A dollop of compound butter spread over chicken, pork, steak and even mixed into vegetables melts quickly into a glossy and elegant sauce that will elevate any run-of-the-mill weeknight meal.  I’ve added suggestions for where to use them, but don’t be afraid to explore your own uses!

Basic method for making a compound butter:

  1. Use room temperature, unsalted butter.
  2. For cooked ingredients, be sure they are fully cooled before mixing into butter.
  3. Start with ½ tsp salt and ¼ tsp pepper, add more to your liking
  4. Use a regular kitchen fork to combine ingredients in a small mixing bowl until evenly incorporated into the butter.
  5. Store the butter in a small glass container for up to a week. You can also roll the butter into a log using a piece of parchment paper or plastic wrap.  Store wrapped logs in the refrigerator for up to a week, or up to six months in the freezer, inside of a zip top bag.

Roasted Garlic Lemon

Good with chicken, pork, steak and vegetables

1 stick unsalted butter, room temperature

1 TBSP roasted garlic paste (recipe below)

1 head garlic

1 tbsp olive oil

Salt and pepper to taste

Zest of one large lemon

1 tsp chives, finely chopped

½ tsp smoked salt, or kosher salt

¼ tsp cracked black pepper

  1. Roast garlic to make a paste; with the heel of your hand, press down on the top of a head of garlic to break the individual cloves apart. Place cloves, with skins on, in a shallow baking dish, toss with olive oil, salt and pepper.  Cover with foil and bake at 375 degrees for 45 minutes or until golden and soft.  Let cool slightly before squeezing the softened garlic out of the skins into a bowl.  Mash with a fork and set aside to cool.
  2. Mix ingredients in a small mixing bowl with a fork until evenly incorporated into the butter.
  3. Store in refrigerator or freezer.

chicken roasted garlic lemon butter

Porcini Mushrooms with Sherry

Good with pork, steak and vegetables

1 stick unsalted butter, room temperature

½ cup dry Sherry (do NOT use “cooking sherry”)

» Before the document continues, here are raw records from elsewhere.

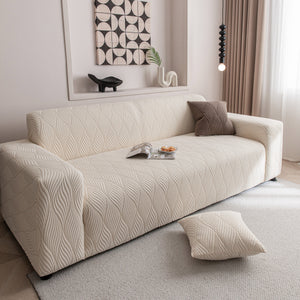 Modern Wavy Jacquard Sofa Slipcover, High Stretch Sofa Cover with 3D Organic Texture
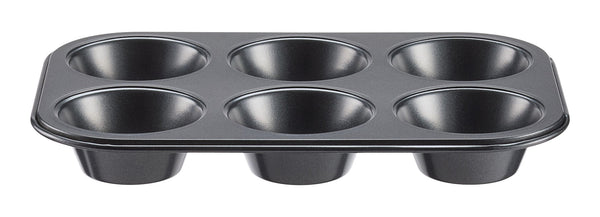 Simplicite Dark Grey Non-Stick Carbon Steel Muffin Pan, 6-Cup A5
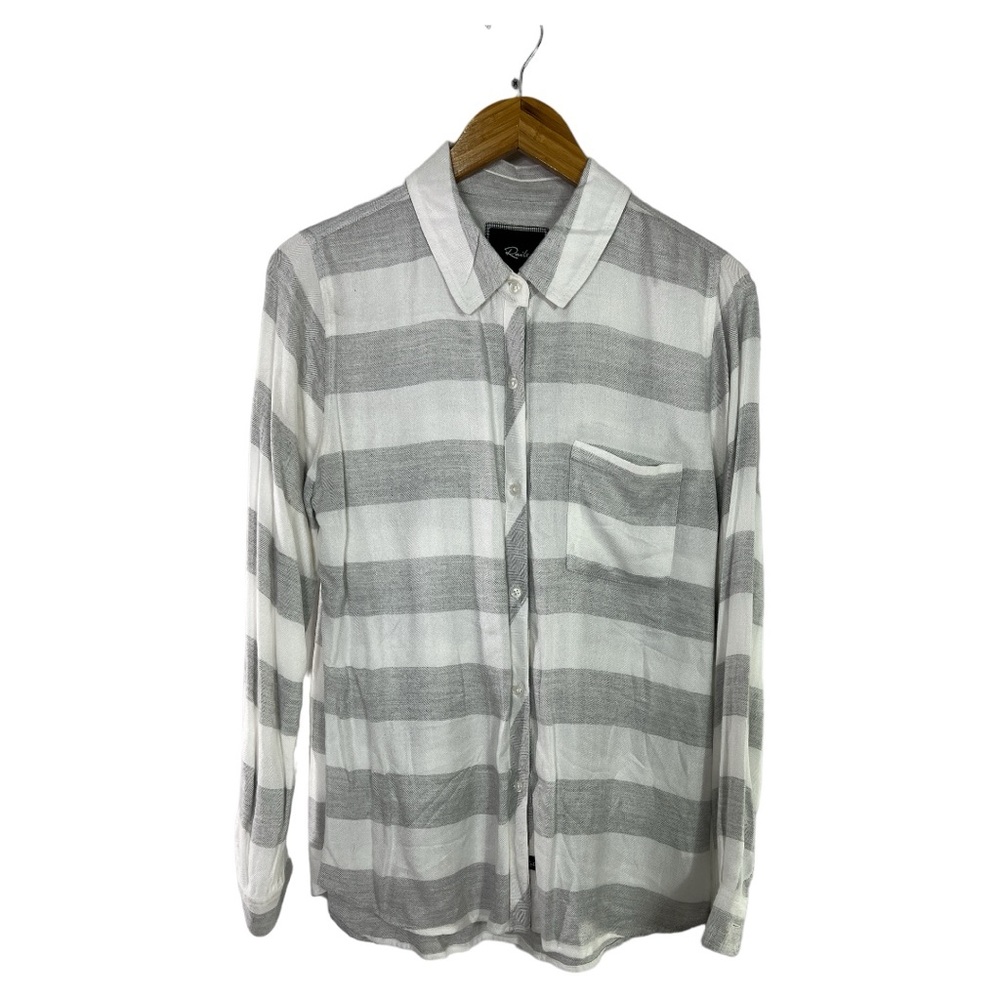 Rails Grey And White Stripe Rayon Button Down Shi… - image 1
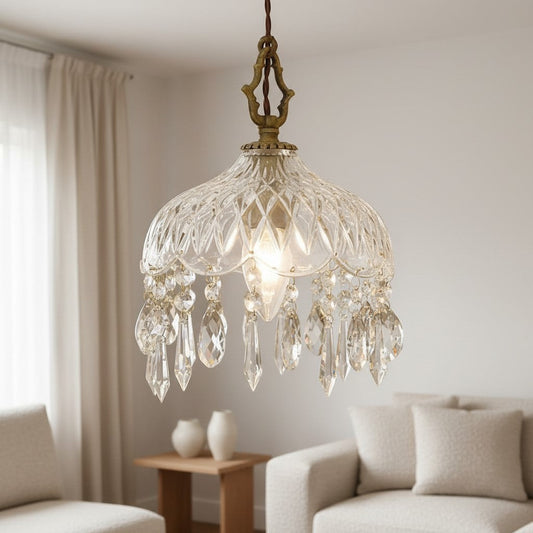 Karina Luxury Grid Crystal Glass Pendant Light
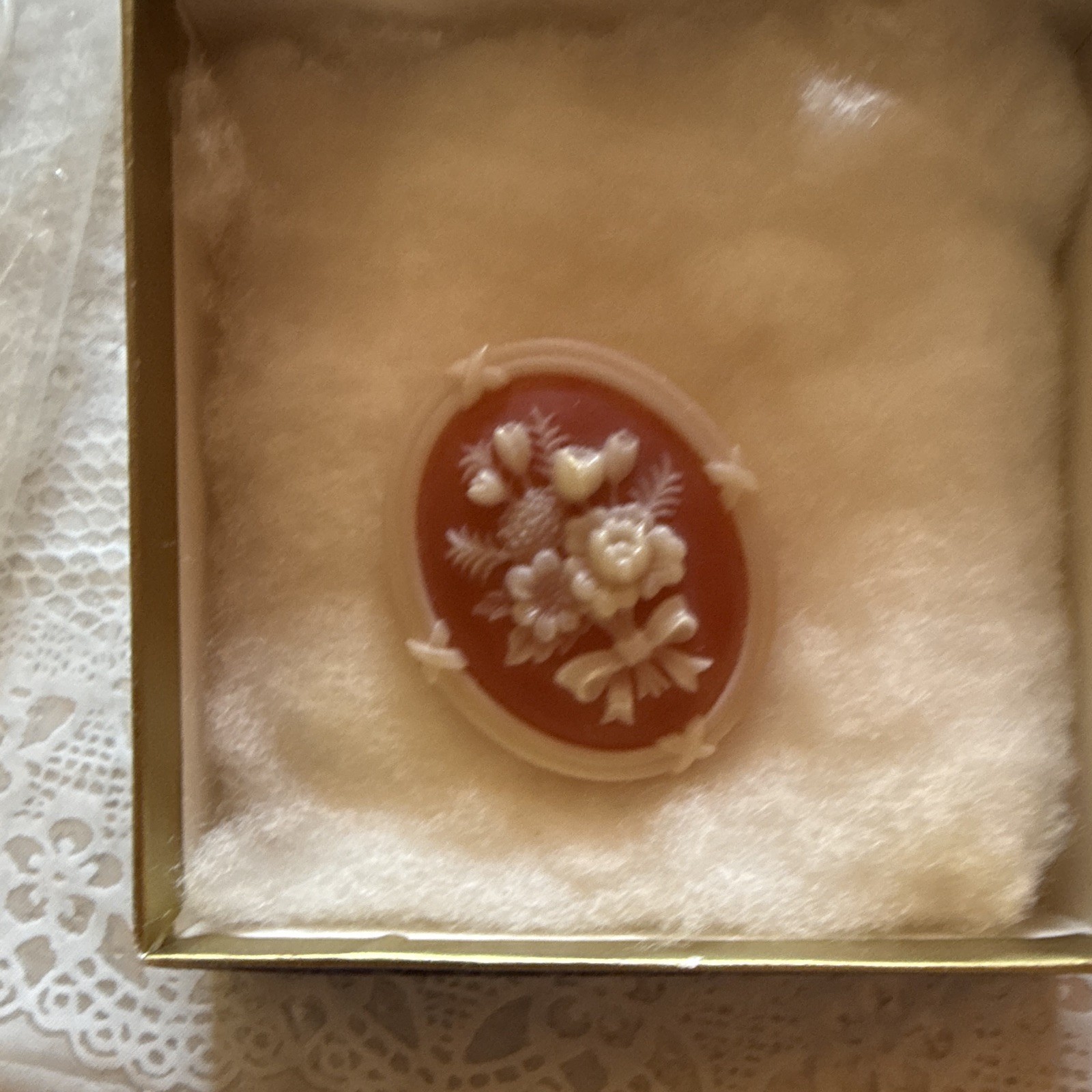 Oval Floral Cameo Brooch Pin, Orange & White Plastic, Flowers & Plants Theme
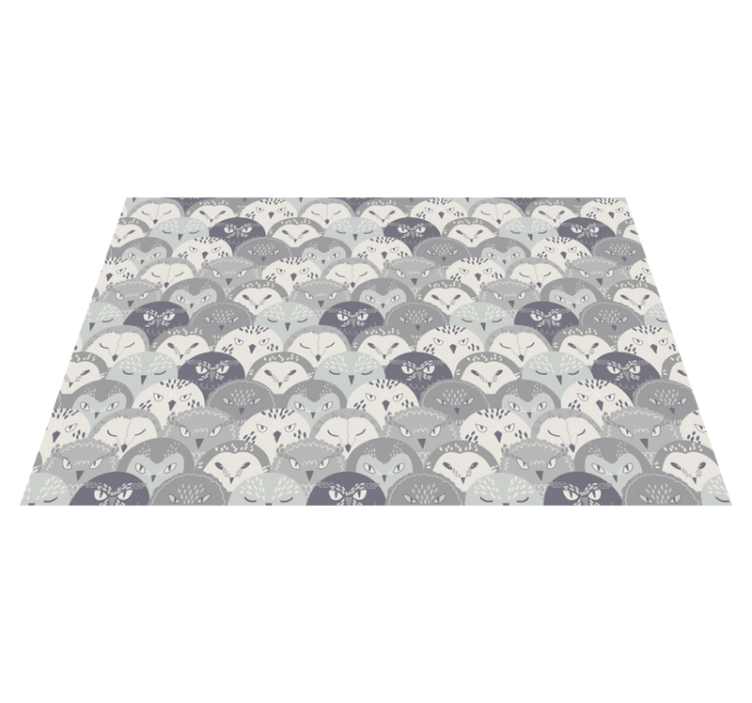 Tapis vinyle animal Hibou gris sur creepers style nordique - TenStickers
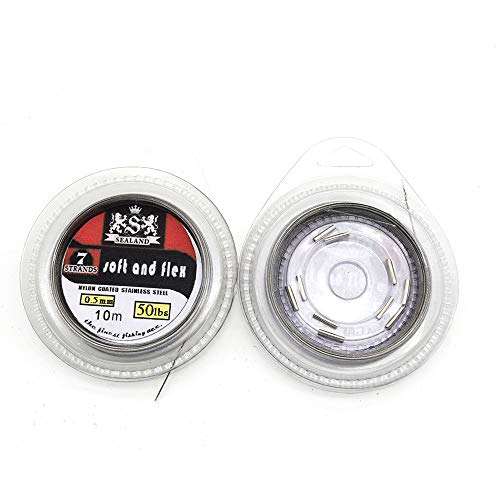 SENYUBBY 5LB-200LB 7 Strands Fishing Line Wire Leader Nylon Coated Stainless Steel Leader Wire with Crimps Sleeves (1pcs-50lb) - Image 3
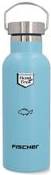FISCHER Fahrrad-Trinkflasche Boy, Edelstahl, blau aus leichtem, rostfreiem Edelstahl, mit griffiger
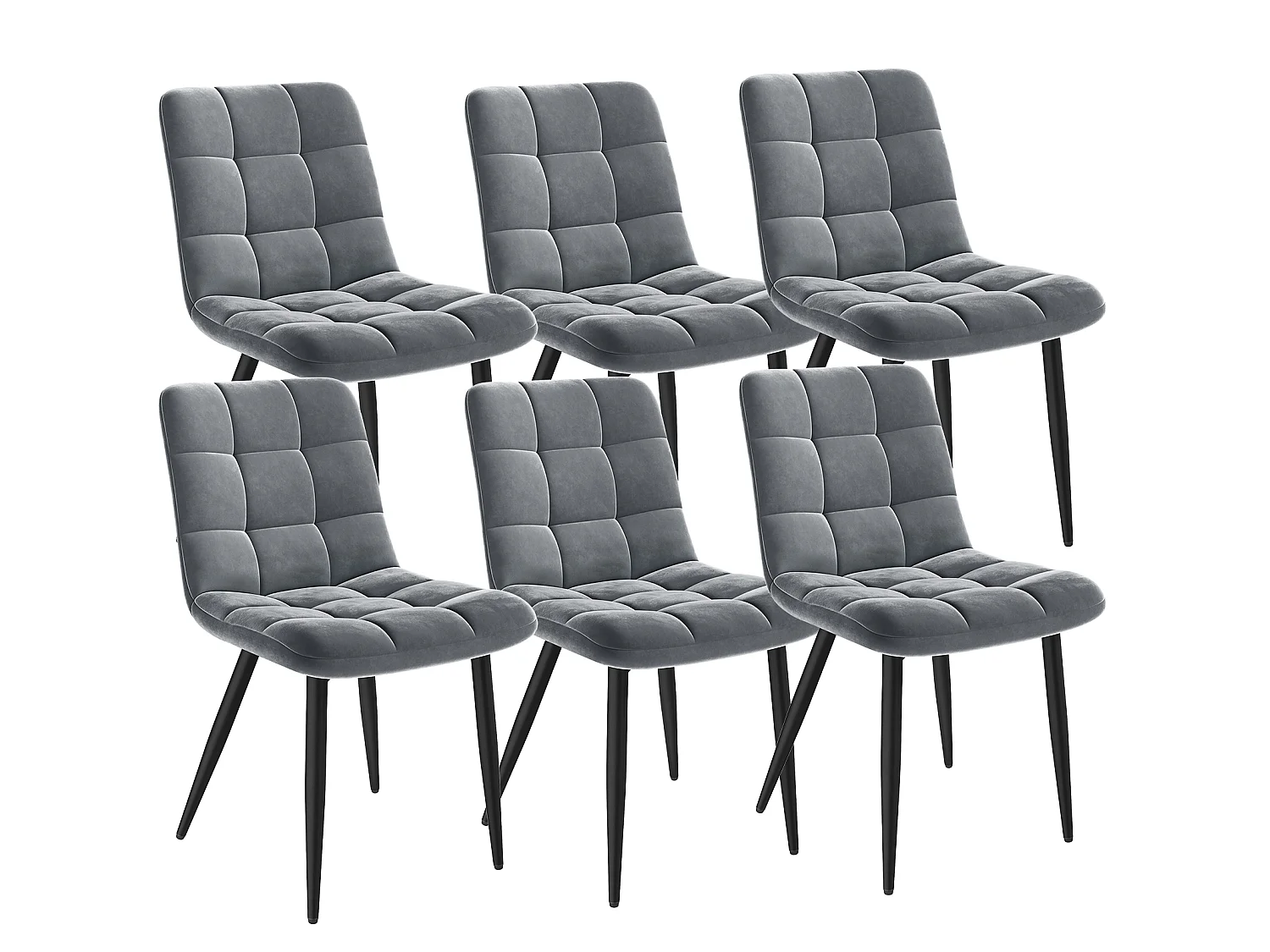 Lot de 6 Chaises Salle à Manger HavenlyHome, Ergonomique, pour Salon, Chambre à Coucher, Noir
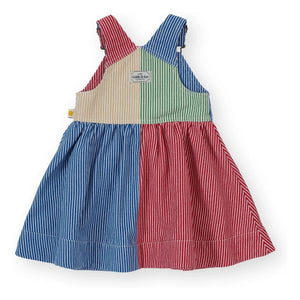 Goldie + Ace - Gestreiftes Patchwork-Latzkleid | Rot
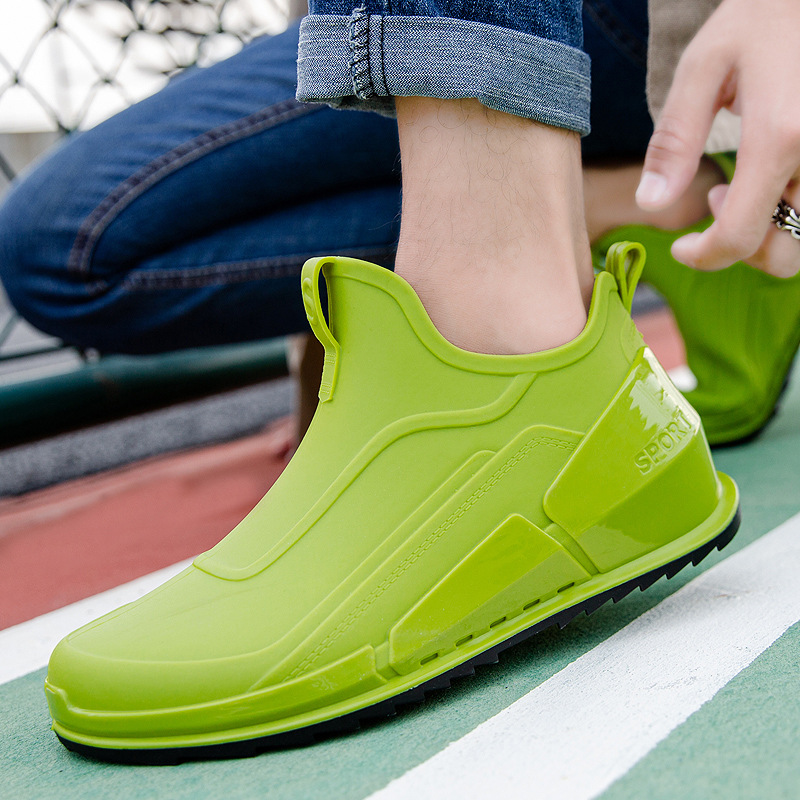 メンズショートチューブレインブーツ、滑り止めラバーシューズ、 - Outdoor Lighting Youtube のレビューと価格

½ ounce dried porcini mushrooms

1 tsp fresh thyme leaves

½ tsp kosher salt

¼ tsp cracked black pepper

  1. Soak dried porcini mushrooms in Sherry for an hour to soften.
  2. Drain reconstituted porcinis, reserving liquid for another use (like risotto!)
  3. Finely chop porcinis
  4. Mix ingredients in a small mixing bowl with a fork until evenly incorporated into the butter.
  5. Store in the refrigerator or freezer.

Red Wine Shallot

Good with steak, pork and vegetables

1 stick unsalted butter, room temperature

3 TBSP shallot, finely diced

¼ cup red wine

1 TBSP chives, finely chopped

½ tsp salt

¼ cracked black pepper

  1. In a small saucepan, combine the shallots and wine over medium-low heat.
  2. Cook for 8 – 10 minutes until all the liquid has evaporated.
  3. Remove shallots from the heat, set aside to cool.
  4. Mix ingredients in a small mixing bowl with a fork until evenly incorporated into the butter.
  5. Store in the refrigerator or freezer.

Cranberry Orange

Good with all poultry, pork and fall vegetables.  Think Thanksgiving!

1 stick unsalted butter, room temperature

2 TBSP dried cranberries, finely chopped

2 TBSP Grand Marnier, or other orange-flavored liqueur

¼ water

Zest of one orange

1 tsp pure maple syrup

½ tsp kosher salt

¼ tsp cracked black pepper

  1. In a small saucepan, combine the cranberries, Grand Marnier, zest and water over medium-low heat.
  2. Cook for 6 – 8 minutes until all the liquid has evaporated.
  3. Remove cranberry mixture from the heat, set aside to cool.
  4. Mix ingredients in a small mixing bowl with a fork until evenly incorporated into the butter.
  5. Store in the refrigerator or freezer.